L’U.N.I. a toujours dénoncé les attaques portées contre la France et son identité par les porte-paroles pathétiques de l’internationalisme ou de la haine de soi. Depuis 1969 et sa création, nombreux ont été en effet les pitoyables procureurs qui ont tenté et tentent encore de discréditer la France et son peuple, en décriant tout ce qui la constitue et tout ce en quoi les Français se reconnaissent.

Histoire, langue, culture, us et coutumes, économie et vie sociale ont été vilipendés, déniés, reniés, jetés plus bas que terre et dénoncés au profit de soi-disant valeurs transnationales fantasmées et culpabilisantes.

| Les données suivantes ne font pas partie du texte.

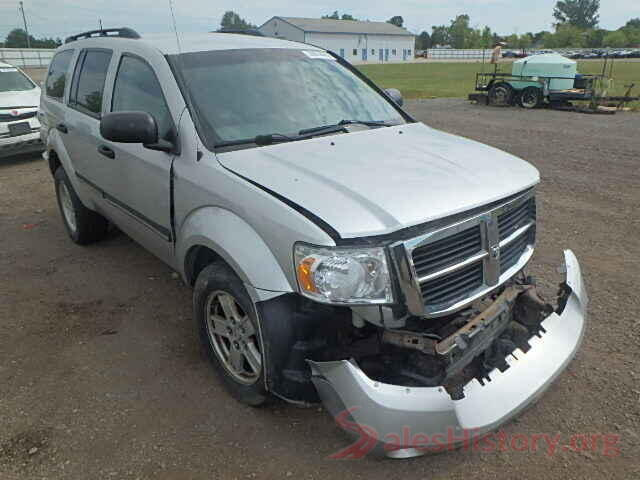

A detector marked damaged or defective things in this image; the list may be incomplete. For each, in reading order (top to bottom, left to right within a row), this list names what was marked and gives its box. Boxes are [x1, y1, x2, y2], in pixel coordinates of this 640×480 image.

crumpled hood [0, 87, 40, 109]
crumpled hood [216, 122, 540, 238]
damaged front bumper [308, 251, 588, 458]
front end damage [308, 251, 588, 458]
detached bumper cover [312, 251, 588, 454]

Depuis quelque temps, la chose devient moins aisée, parce que le rêve ou le cauchemar imaginé par ces gens-là le cède à nouveau au réel et à la réalité de l’attachement à sa terre, à son pays, à son identité profonde et à tout ce qui fait d’un Français un Français et non pas un apatride mondialisé.

Les médias relaient au jour le jour le danger représenté par le monde sans bornes, sans morale, sans limites, sans garde-fou. Nous voyons que le fantasme de la planète-village imaginé dans les années 1960-1970 n’était que le résultat des élucubrations soixante-huitardes ou des idéologies mondialistes inspirées par le communisme. Les peuples sont ce qu’ils sont et, même s’ils ne dédaignent pas accueillir les étrangers et l’hospitalité étant la caractéristique de la majorité des nations du monde, les obliger à se renier ou à modifier leurs mœurs et habitudes entraîne le plus souvent une révolte et une indignation compréhensibles.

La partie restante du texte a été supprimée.